Course Title: Introductory Statistics
Course Code: ECON1005
Credits: 3
Level: 1
Prerequisite(s): None
Course Description
This course is designed to provide students with a sound introduction to concepts within statistics as well as provide them with an opportunity to link the concepts with uses of statistics in their daily lives, in management sciences and in academia. Emphasis will be on the understanding of fundamental statistical concepts and methods.
Introductory Statistics looks at sampling methods, techniques used to gather data, methods of summarizing data numerically and pictorially, probability, probability distributions, hypothesis testing, correlation and regression. A holistic approach is used in delivering the course content: as such, the course focuses on concepts, reinforced by calculations and real world applications.
Course Objectives
At the end of the course, learners will be able to:
Knowledge
- Define ’statistics’ and outline its functions in problem solving
- Distinguish between qualitative and quantitative; discrete and continuous; independent and dependent variables, so as to make informed decisions in the analysis and presentation of data.
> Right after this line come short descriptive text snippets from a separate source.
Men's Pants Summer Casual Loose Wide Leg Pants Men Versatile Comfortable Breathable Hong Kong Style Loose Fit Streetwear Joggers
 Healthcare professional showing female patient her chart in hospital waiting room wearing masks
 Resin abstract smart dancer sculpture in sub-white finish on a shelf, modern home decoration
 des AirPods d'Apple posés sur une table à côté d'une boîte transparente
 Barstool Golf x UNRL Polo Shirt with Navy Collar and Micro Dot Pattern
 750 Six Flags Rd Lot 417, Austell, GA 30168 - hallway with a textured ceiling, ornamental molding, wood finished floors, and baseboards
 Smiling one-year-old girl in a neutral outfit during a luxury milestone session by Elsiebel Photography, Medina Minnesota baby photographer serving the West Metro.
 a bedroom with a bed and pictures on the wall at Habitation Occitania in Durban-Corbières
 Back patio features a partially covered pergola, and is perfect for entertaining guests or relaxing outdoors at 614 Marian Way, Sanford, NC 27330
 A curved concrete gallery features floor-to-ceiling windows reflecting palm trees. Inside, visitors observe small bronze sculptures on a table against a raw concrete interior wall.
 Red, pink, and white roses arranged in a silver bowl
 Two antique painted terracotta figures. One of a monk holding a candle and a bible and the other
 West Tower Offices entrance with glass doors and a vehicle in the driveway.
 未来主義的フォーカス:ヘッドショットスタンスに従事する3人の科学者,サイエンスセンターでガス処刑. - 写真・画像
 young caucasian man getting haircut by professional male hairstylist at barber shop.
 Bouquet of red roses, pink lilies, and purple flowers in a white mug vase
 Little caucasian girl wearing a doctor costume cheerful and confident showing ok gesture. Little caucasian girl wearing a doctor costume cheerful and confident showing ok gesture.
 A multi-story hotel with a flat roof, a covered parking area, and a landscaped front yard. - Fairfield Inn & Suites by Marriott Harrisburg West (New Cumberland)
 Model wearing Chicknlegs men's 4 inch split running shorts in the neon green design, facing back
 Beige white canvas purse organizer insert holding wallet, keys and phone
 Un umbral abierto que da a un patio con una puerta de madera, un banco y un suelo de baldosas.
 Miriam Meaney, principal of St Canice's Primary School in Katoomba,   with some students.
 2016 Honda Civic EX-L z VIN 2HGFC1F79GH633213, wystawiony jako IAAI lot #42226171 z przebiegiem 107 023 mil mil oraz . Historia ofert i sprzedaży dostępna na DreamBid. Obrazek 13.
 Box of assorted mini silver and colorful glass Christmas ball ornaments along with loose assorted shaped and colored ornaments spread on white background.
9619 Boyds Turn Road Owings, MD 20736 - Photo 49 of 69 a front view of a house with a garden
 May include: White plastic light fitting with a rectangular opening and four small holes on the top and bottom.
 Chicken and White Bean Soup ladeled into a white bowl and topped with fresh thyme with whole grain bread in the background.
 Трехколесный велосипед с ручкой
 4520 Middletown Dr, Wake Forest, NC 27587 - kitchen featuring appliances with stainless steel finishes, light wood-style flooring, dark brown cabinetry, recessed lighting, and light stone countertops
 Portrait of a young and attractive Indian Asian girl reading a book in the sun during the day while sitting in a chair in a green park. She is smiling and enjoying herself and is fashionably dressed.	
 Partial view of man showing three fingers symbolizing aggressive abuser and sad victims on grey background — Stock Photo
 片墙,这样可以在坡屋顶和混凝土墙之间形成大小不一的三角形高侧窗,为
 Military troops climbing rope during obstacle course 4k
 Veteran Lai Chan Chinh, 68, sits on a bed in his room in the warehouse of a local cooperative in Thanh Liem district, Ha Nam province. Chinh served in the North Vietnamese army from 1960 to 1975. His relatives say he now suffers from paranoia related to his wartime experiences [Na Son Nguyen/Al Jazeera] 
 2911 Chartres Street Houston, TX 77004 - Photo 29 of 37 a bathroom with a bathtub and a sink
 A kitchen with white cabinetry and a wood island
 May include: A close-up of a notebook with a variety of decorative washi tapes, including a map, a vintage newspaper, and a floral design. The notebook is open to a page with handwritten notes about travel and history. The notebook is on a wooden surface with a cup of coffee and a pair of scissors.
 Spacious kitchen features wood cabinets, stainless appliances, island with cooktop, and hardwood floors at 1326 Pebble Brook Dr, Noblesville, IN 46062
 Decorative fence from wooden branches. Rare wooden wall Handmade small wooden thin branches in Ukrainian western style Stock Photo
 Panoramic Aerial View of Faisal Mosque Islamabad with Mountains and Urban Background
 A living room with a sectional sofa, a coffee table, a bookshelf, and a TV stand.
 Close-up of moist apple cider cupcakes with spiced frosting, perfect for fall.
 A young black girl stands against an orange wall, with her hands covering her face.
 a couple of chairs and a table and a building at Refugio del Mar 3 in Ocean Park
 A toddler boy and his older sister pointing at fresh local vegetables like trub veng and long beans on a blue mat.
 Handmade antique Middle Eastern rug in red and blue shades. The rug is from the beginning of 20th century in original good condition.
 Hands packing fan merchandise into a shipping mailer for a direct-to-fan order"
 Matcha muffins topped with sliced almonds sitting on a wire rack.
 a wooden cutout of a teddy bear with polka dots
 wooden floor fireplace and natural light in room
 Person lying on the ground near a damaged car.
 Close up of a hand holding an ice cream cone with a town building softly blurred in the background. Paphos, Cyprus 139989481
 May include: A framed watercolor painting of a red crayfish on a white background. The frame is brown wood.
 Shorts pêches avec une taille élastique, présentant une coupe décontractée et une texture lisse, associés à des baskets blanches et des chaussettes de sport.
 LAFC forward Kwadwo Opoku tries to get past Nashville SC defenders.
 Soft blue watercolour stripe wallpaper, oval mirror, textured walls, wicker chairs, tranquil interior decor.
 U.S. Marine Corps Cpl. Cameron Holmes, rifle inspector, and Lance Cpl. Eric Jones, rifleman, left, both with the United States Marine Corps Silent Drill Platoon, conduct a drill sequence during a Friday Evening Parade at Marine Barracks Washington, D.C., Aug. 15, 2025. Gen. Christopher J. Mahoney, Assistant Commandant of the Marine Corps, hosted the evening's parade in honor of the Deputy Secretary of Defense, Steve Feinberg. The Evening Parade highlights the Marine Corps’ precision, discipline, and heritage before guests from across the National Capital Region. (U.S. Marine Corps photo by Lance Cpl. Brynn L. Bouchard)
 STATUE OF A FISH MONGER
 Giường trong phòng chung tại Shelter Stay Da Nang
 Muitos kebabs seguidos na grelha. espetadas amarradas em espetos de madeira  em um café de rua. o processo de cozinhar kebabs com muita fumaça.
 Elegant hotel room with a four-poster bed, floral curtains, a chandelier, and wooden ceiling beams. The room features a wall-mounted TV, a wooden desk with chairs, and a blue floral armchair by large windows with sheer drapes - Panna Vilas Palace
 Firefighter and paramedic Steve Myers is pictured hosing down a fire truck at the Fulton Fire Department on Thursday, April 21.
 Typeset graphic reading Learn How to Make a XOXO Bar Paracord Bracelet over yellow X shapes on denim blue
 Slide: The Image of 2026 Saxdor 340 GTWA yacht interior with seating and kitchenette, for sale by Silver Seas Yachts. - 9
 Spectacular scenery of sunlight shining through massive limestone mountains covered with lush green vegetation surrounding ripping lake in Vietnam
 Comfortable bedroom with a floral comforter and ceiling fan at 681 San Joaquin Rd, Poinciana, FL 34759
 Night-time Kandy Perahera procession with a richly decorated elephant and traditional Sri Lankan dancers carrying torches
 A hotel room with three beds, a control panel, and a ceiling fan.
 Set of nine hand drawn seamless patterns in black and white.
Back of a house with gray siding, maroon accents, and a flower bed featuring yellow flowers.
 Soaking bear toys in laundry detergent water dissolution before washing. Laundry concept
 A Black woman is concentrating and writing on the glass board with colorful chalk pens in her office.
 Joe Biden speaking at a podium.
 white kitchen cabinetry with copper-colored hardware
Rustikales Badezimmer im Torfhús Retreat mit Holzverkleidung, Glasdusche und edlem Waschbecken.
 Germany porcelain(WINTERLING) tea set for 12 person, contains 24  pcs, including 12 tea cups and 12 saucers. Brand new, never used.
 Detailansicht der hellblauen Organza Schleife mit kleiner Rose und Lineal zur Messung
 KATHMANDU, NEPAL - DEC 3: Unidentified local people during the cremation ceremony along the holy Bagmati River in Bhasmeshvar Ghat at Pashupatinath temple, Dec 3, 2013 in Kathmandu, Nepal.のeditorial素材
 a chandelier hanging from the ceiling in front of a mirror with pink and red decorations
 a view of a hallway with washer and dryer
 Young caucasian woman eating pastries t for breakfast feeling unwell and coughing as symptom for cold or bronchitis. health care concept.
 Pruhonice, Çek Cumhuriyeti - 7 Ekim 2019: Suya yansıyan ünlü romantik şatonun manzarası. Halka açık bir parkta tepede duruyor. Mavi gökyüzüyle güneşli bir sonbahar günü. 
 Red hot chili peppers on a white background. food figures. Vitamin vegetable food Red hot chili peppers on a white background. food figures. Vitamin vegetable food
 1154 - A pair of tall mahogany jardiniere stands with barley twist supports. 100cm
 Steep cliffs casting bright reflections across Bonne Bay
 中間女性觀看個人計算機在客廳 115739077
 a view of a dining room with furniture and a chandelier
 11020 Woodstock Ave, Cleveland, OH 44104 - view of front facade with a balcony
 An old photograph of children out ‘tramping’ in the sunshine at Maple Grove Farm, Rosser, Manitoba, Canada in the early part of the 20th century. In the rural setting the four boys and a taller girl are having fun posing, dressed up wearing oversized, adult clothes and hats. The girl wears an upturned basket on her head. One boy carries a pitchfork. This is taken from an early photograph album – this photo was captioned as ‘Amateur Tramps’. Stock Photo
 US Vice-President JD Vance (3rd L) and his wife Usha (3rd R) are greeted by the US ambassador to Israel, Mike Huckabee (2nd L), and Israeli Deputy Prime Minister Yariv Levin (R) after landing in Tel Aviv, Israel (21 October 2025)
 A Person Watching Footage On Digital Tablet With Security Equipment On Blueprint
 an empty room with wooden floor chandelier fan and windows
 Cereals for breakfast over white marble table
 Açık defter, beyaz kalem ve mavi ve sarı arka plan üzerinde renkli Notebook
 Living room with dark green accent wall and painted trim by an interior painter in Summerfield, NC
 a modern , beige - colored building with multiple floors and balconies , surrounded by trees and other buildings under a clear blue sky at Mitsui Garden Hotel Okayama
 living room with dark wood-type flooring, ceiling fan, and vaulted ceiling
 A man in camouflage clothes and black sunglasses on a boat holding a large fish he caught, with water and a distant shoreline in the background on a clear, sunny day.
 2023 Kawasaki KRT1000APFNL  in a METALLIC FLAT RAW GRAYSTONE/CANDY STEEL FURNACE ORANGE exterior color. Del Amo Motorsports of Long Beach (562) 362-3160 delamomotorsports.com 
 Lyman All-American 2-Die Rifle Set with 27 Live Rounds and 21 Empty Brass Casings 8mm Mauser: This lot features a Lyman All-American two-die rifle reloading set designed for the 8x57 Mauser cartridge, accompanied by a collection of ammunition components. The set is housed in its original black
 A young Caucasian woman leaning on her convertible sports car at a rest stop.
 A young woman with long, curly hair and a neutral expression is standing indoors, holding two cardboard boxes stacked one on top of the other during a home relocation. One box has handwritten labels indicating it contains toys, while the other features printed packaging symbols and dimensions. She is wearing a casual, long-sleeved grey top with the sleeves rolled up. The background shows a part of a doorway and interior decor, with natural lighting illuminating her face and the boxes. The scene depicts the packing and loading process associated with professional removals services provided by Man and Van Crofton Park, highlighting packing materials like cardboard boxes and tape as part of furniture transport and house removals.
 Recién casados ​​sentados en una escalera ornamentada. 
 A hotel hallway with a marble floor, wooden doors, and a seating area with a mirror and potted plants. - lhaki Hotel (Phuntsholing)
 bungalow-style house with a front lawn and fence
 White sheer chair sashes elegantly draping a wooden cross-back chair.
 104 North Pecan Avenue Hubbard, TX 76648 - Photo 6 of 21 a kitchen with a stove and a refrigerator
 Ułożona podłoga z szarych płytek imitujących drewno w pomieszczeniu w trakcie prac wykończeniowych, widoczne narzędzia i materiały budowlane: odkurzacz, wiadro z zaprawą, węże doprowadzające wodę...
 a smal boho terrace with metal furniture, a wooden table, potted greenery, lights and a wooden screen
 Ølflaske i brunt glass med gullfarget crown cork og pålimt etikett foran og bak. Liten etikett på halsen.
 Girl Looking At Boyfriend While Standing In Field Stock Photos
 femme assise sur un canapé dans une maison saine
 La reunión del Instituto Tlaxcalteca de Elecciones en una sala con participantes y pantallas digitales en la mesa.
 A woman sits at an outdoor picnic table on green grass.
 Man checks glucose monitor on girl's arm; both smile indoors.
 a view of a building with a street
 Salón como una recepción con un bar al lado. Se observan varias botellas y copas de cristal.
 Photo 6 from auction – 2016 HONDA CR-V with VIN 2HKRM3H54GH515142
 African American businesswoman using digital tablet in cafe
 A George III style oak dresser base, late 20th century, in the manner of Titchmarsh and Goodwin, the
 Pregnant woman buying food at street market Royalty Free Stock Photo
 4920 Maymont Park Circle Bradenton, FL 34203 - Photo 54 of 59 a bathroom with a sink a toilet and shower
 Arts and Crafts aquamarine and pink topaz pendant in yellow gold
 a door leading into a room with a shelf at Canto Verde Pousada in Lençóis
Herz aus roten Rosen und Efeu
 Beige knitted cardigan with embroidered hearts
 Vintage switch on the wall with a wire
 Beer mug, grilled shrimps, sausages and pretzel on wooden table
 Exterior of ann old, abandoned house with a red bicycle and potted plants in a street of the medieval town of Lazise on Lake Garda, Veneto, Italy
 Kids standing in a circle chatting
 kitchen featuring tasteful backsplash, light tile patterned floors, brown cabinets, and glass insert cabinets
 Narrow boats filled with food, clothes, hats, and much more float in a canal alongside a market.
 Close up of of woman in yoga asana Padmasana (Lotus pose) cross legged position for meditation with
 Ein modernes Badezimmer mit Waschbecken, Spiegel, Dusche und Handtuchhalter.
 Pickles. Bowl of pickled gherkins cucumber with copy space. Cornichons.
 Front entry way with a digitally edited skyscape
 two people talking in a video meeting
- Distinguish between the scales of measurement (nominal, ordinal, interval and ratio) to apply these appropriately in data analysis and presentation.
- Distinguish between descriptive and inferential statistics to guide interpretation of findings.
- Explain the key statistical terminologies so as to apply these in statistical investigation.
- Differentiate between random and non-random sampling methods and use these appropriately in conducting and reporting on statistical investigation.
- Explain the concept of confidence interval in using sample data to estimate population values.
- Compose null and alternate hypotheses for statistical inquiry.
- Explain the concept of level of significance (α) and how it affects the conclusion of a statistical test.
- Explain the assumptions for the test of independence in making statistical inferences.
- Explain key concepts of correlation and regression in statistical analysis.
Skills
- Analyze basic statistical measures for decision making in statistical reporting.
- Utilise the rules of logic in the application of statistical concepts to validate statistical inferences.
- Apply the appropriate mix of statistical procedures for analysis of economic and social data.
- Select and use appropriate probability distribution (binomial, Poisson, normal) in conducting statistical inquiry.
- Conduct hypothesis testing for unknown population mean, unknown population variance, between means and proportions so that these results can be used to make statistical inferences.
- Use tests of independence to assess the relationship between variables for effective decision making.
- Interpret tables, charts, numerical measures and various statistical outputs used in statistical reports.
- Use various charts and tables to represent data and explain the limitations of their use (e.g. frequency tables, pie charts, bar chart, histogram, polygon, dot plot, stem-and-leaf diagram, box-and-whisker diagram).
- Calculate measures of positions, measures of central tendency and measures of dispersion (for grouped and ungrouped data) for data summary and interpretation of findings.
- Interpret hypothesis tests results for one-way ANOVA in conducting regression analysis.
Attitudes
- Appreciate the usefulness of Statistics in interpreting economic and social data.
- Value teamwork in collaborative activities in statistical investigation.
- Appreciate the importance of the use of statistics in making inferences about a population.